En novembre 2021, en accord avec le patient et ses médecins traitant-es, le traitement antirétroviral est stoppé. Et le virus ne réapparaît toujours pas. Au bout de vingt mois, «le patient de Genève» est considéré comme un cas de rémission de l’infection par le VIH, même si les preuves accumulées n’excluent pas totalement que le virus subsiste dans les derniers recoins de son organisme. Par ailleurs, des tests en laboratoire révèlent que ses cellules ne sont pas immunisées contre le VIH. En d’autres termes, Romuald pourrait théoriquement être réinfecté…
Son cas est présenté à la conférence internationale sur le sida qui se tient en juillet 2023 à Brisbane, en Australie, par Alexandra Calmy et Asier Sáez-Cirión, responsable de l’unité Réservoirs viraux et contrôle immunitaire à l’Institut Pasteur à Paris. Et il fait finalement l’objet d’un article dans la revue Nature Medicine.

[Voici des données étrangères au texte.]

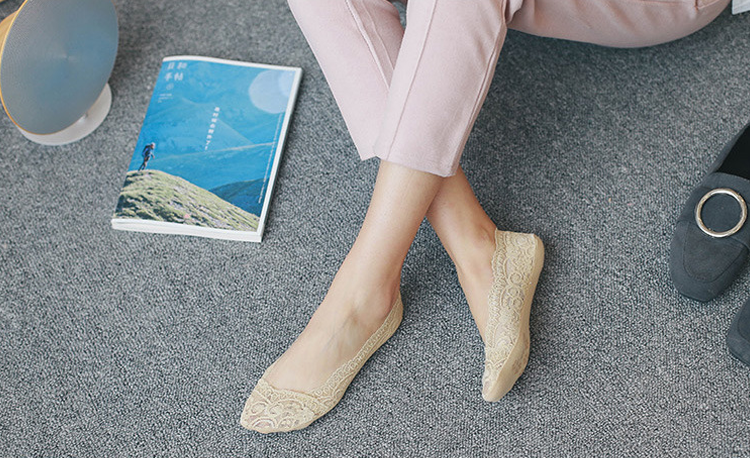 Stylevana - Set of 3: Lace Invisible Socks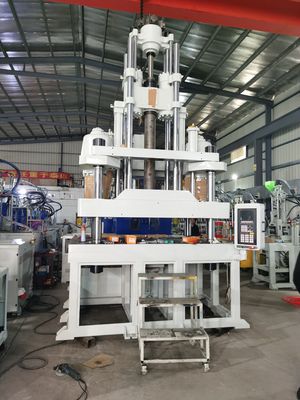 Niveau de sécurité élevé 200 tonnes machine de moulage par injection verticale pour balayage brosse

Pour expliquer cette guérison pas comme les autres, les scientifiques avancent plusieurs hypothèses. Selon l’une d’elles, il est possible que le traitement immunomodulateur que reçoit le patient à la suite de sa greffe contribue à éviter la réactivation virale. Une autre (non exclusive) semble indiquer que les cellules du système immunitaire provenant du donneur ont purgé les cellules porteuses du VIH de manière plus efficace que dans les autres cas rapportés dans la littérature scientifique. Deux pistes qui ouvrent de nouvelles perspectives de recherches pour le développement d’un nouveau traitement contre le VIH.